Bosnia war crimes trial ends in Stockholm

As the trial of a Swede of Bosnian origin accused of committing war crimes came to a close on Tuesday, the Swedish prosecutor requested eight years in prison.

The trial of 44-year-old Ahmet Makitan, which began in October, ended Tuesday with the defence lawyers’ statements, the Stockholm district court confirmed.

According to news agency TT, the verdict is due on April 8th.

Makitan has been charged with “aggravated war crimes and abduction,” and stands accused of torturing Serb prisoners, including civilians, between May and August 1992 during the war in the former Yugoslavia, court documents showed.

Some 20 witnesses took the stand during the five-month trial.

The accused was 25 at the time and allegedly committed the crimes while working as a guard at the Dretelj detention camp in southern Bosnia near the Neretva river, which divided Serb and Bosnian-Croat forces at the time.

“He should not be charged with war crimes, because he was only a foot soldier and did not know of the overall ethnic cleansing plans,” defence lawyer Ola Salomonsson argued.

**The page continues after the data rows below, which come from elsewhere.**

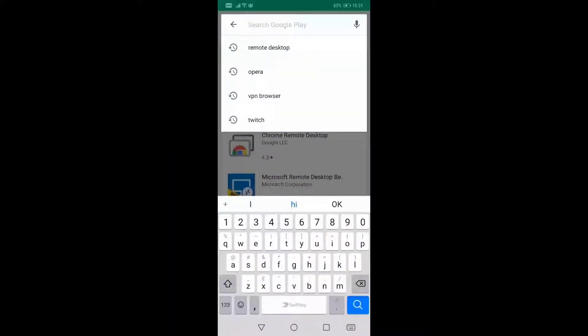Welcome to TradingFXVPS. I'm here to show you a guide on how to connect to the VPS and dedicated server using Remote Desktop on your Android phone.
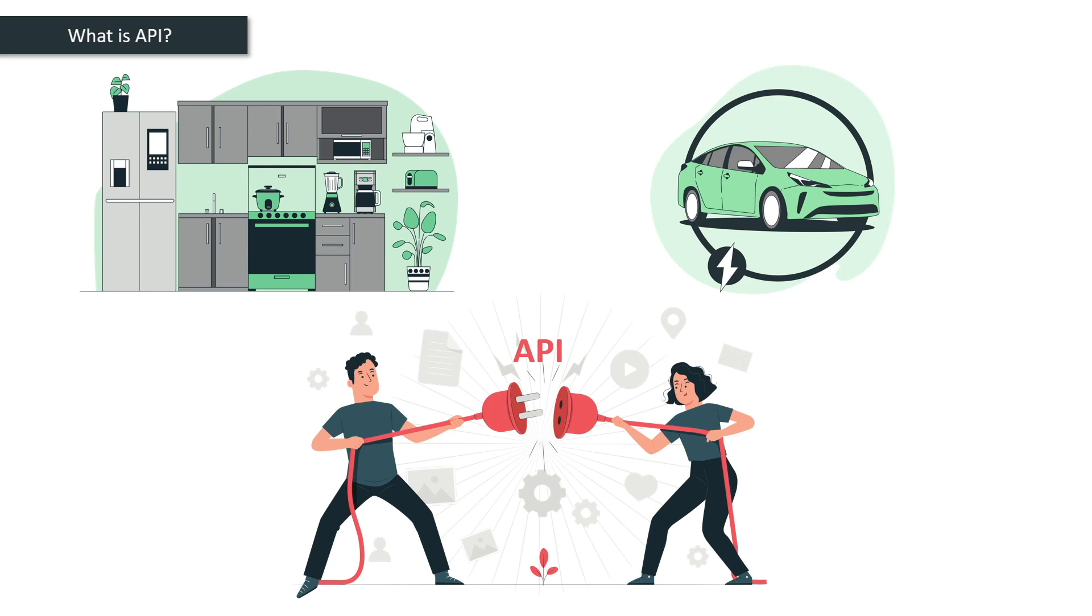APIs are nothing but a contract between two different entities to exchange something. In this situation, the wall socket is a contract or a standard way the electricity distribution company provides electricity to any appliance.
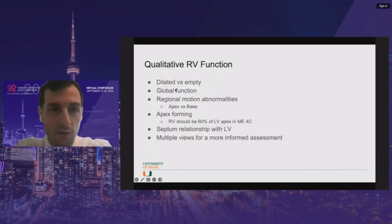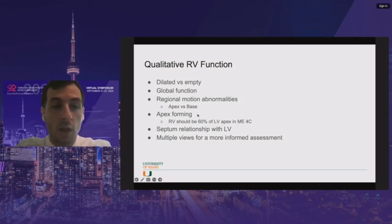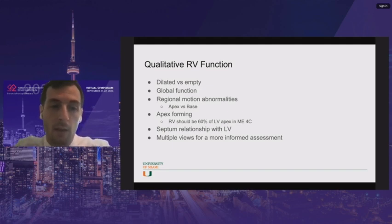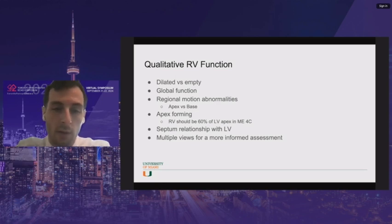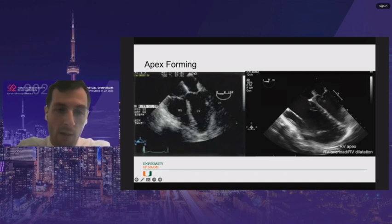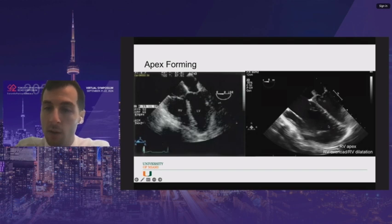That's my argument for using qualitative assessment. Look at the RV: is it dilated or empty? Is global function good? Are there regional motion abnormalities? Is the apex moving more than the base or vice versa? Is the RV apex forming — meaning is the RV more than 60% of the LV apex? And how does the septum look relative to the LV? These questions can be answered quickly from one or two views, though more views give a more educated assessment. Apex forming ranges from a normal small section to a completely dilated, volume-overloaded RV — you can't miss it.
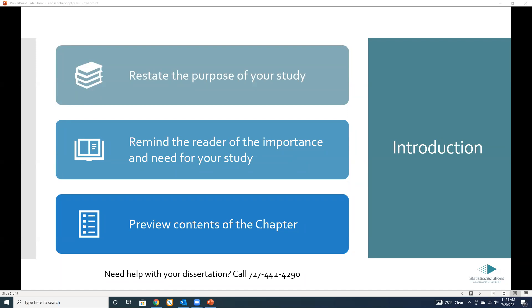Any other questions about content? Alright, great. Well, thank you for attending. Thank you everybody, and good luck. Take care.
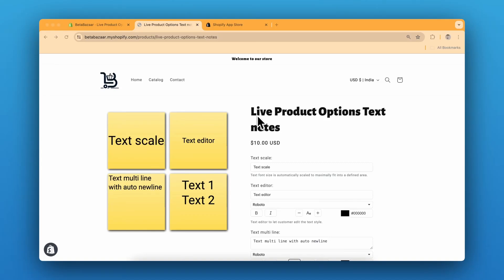How to add text input on Shopify product page? Allowing customers to personalize products with their own text and see real-time preview of their customization adds a layer of interactivity and personalization that can set your store apart.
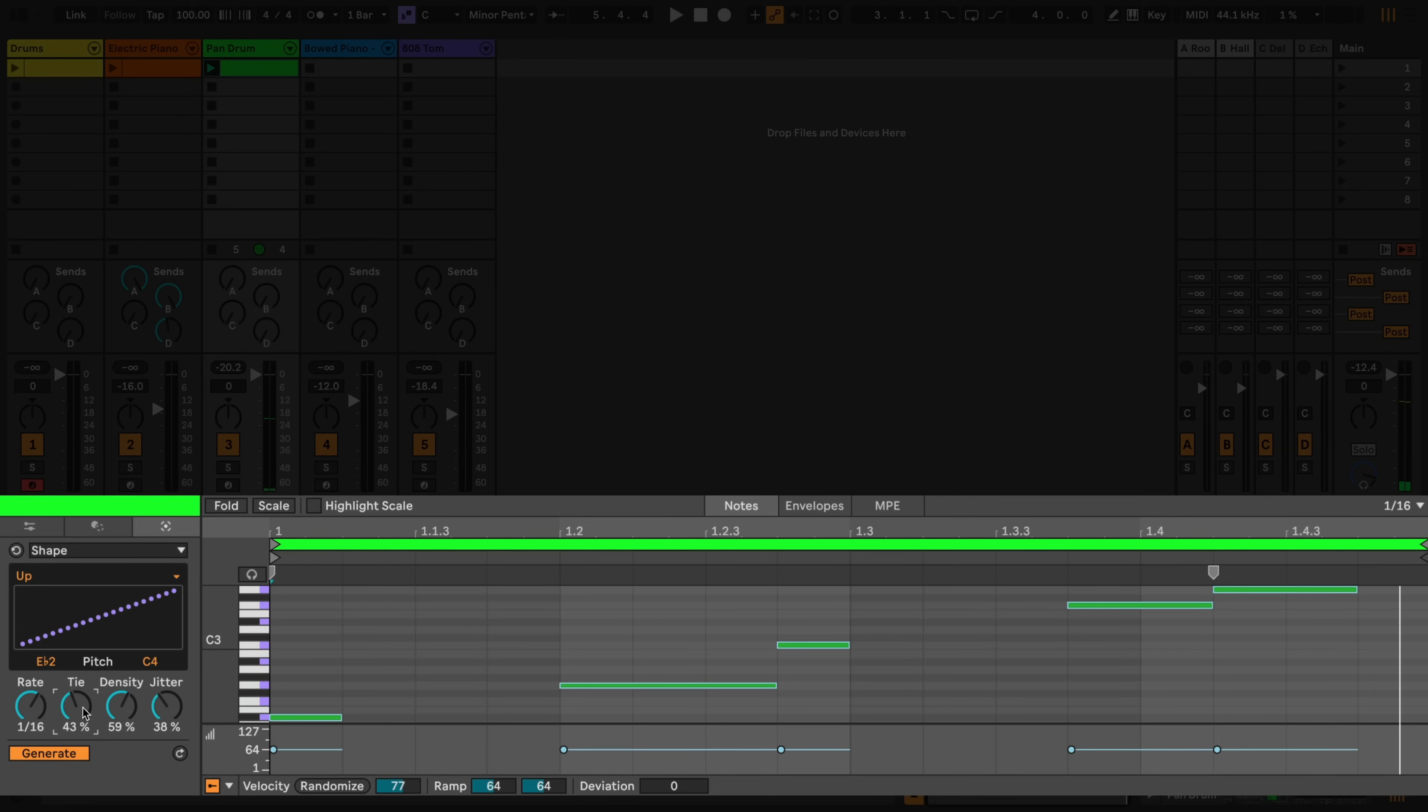You can explore a selection of patterns from the drop down menu, or you can draw your own custom shapes.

“He admitted only (the accusations of) abuse and molestation and those crimes are prescribed,” he said, according to TT.

Makitan, who was born in Bosnia Herzogovina but obtained Swedish nationality in 2006, was arrested at the beginning of January in the northern Swedish town of Sollefteå where he lived with his family.

Sweden opened a probe on the matter in 2008, receiving assistance with the investigation from a number of countries as well as the UN International Criminal Tribunal for the former Yugoslavia in The Hague.